Родится кто, а кто умрет,

Гора же все стоит…

«В шахте молотки стучат». Текста этой песни в сборнике «Песни каторги» нет. Однако впоследствии он всплывет в гартевельдовской бытовой драме «Бродяги» (позднее переписанной в «Беглеца»).

В шахте молотки стучат,

Фонари едва горят,

Мина зажигается,

Люди разбегаются.

Тяжко, братцы, вековать в нужде,

Никуда не скрыться от беды.

Все одно, все одно,

Молотками постучать,

Света Божья не видать…


Челябинск

Ориентировочно 11–12 апреля шведский композитор с русскою душою (или все-таки русский композитор со шведскими кровями?) наконец перебирается из «хмурого» Златоуста в Челябинск. В город с совершенно другим настроением!
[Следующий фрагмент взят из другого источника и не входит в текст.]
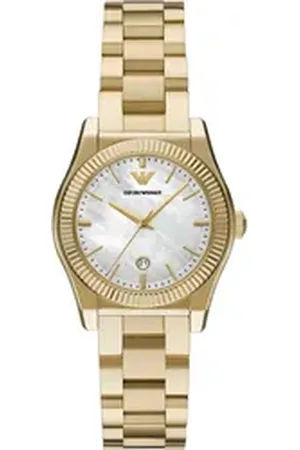 Emporio Armani Quarzuhr AR11657, Armbanduhr, Damenuhr, Edelstahlarmband, analog, Tag goldfarben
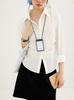 Camisa de Top de Estilo Retro Preppy de Moda Ajustada a la Cintura para Mujer Otoño Casual Versátil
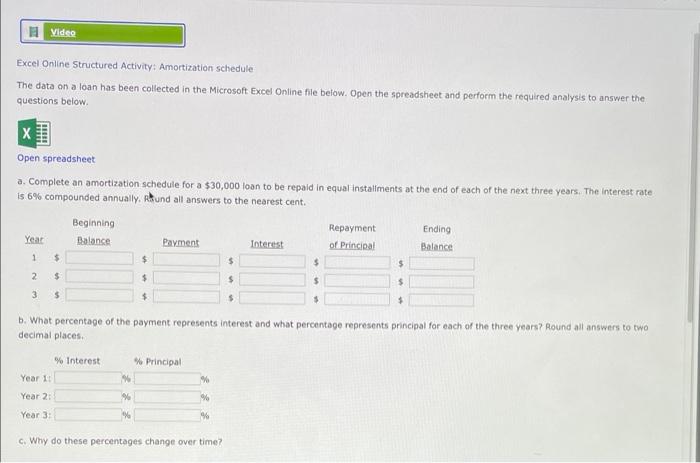 Excel Online Structured Activity: Amortization schedule The data on a loan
«…Но какая разница между Златоустом и Челябинском! Если я назвал Златоуст — «город без улыбки», то Челябинск можно смело назвать — «город, который смеется». Это, конечно, не добродушный смех Вены, не задорный смех Парижа, это, пожалуй, даже не смех, а скорее какая-то гримаса, но гримаса веселая. Это гримаса хулигана, обделавшего хорошее «дело» и у которого появились деньги…»



Челябинск (1894)

Челябинск нашему герою в общем и целом глянулся. Так что снова поневоле задаешься вопросом: зачем ему столько времени потребовалось проторчать в унылом призаводском городишке?
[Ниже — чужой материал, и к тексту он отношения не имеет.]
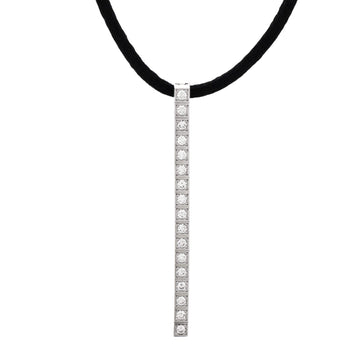 Cartier Lanieres Bar Pendant Necklace 18K White Gold with Diamonds and Cord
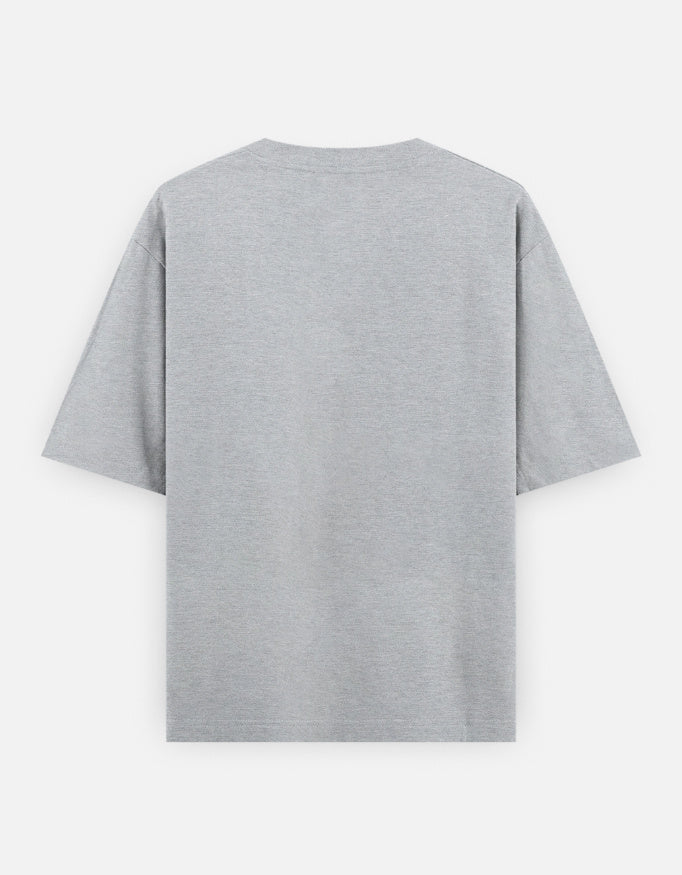 Running On Motivation Low Battery classic oversized tee, grey melange, back view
Любопытный момент: современный челябинский историк и краевед Владимир Боже в одной из своих газетных публикаций упоминает, что в 1908 году Гартевельд посетил Челябинск дважды. Первый раз — в феврале, когда прибыл в город в качестве заведующего музыкально-художественной частью московского оперного театра Солодовникова и пробыл здесь около недели. Со слов Боже, в статьях об этих гастролях, высоко оцененных местной критикой, Наполеоныч позиционировался как «известный композитор и пианист». Однако в своей книге «Каторга и бродяги Сибири» Гартевельд этот момент не озвучивает и описывает весенний Челябинск так, словно бы он объявился здесь впервые.
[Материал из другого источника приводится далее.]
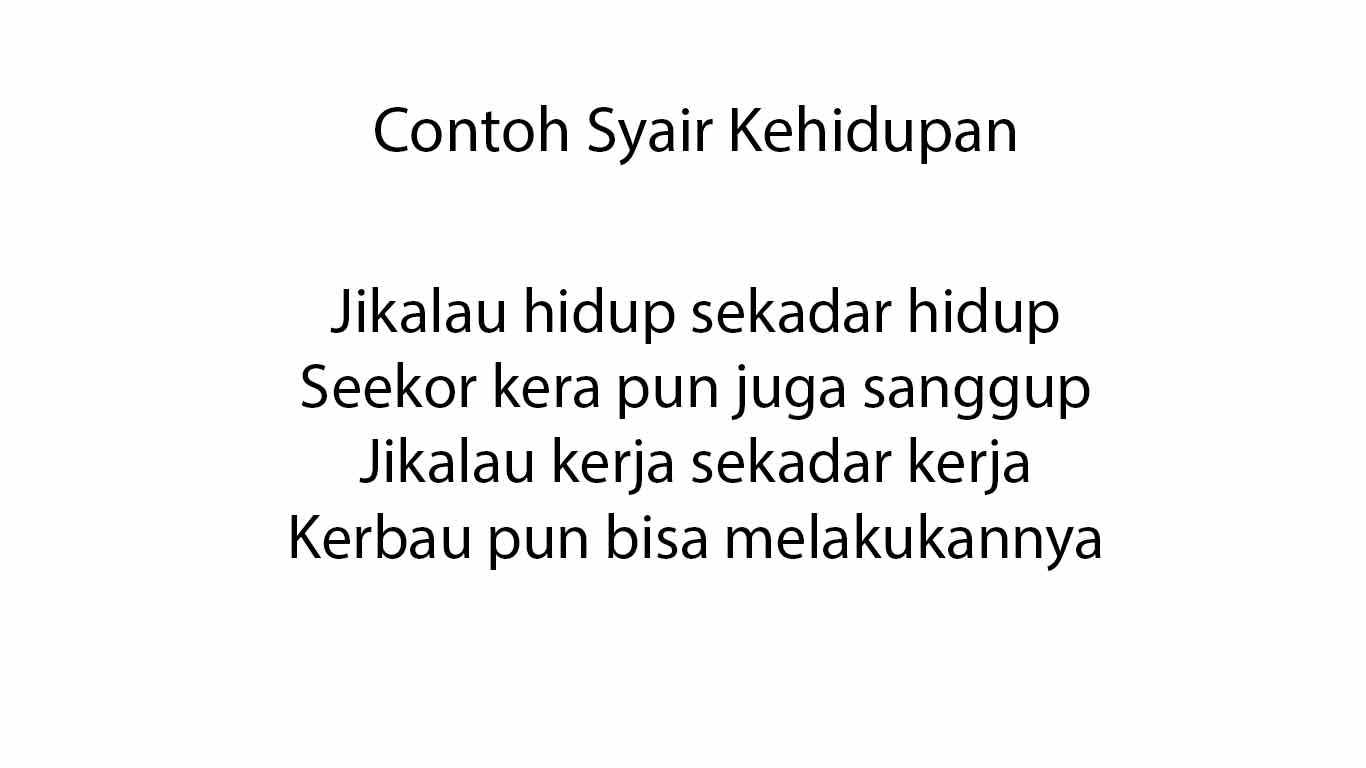 Contoh Syair Kehidupan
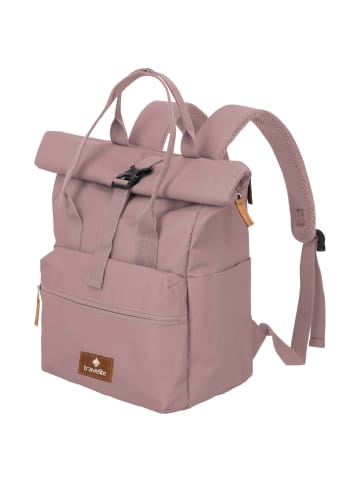 travelite Basics Short Handle - Rolltop Rucksack 46 cm erw. (black) in smokey rose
В целом описанию Челябинска и встреченных в нем ярких типажей Вильгельм Наполеонович отводит полтора десятка страниц текста — это много. Учитывая, что своим главным делом (сбором песен) наш герой здесь, похоже, не занимался вовсе. Ну да, по крайней мере, ему наконец попались на глаза первые ссыльные. Именно в Челябинске состоялось первое, пускай и мимолетное знакомство Гартевельда с потенциальной «целевой аудиторией»:

«…Нравы Челябинска много зависят от того, что он является каким-то распределительным пунктом для ссыльных (больше всего уголовных) и что последних в городе собирается до 2,000 человек. Они получают от казны что-то около 15–20 копеек в сутки и до своего отправления дальше могут жить как хотят. <…> В городе стоит батальон войска, есть острог и все прочее. А нравы, между тем, тождественны с далеким западом Америки. Закон кажный носит с собой в кармане в виде «браунинга», так как с наступлением темноты без такого «аргумента» никто на улицу не выходит. Место судьи является здесь чисто синекурою, ибо суд Линча не хуже, чем на родине Брет-Гарда. Только в Челябинске возможен такой случай, который и имел место лет 8 назад, когда 5–6 предприимчивых, вооруженных граждан ворвались в клуб и отняли у игроков все деньги и опустошили клубную кассу.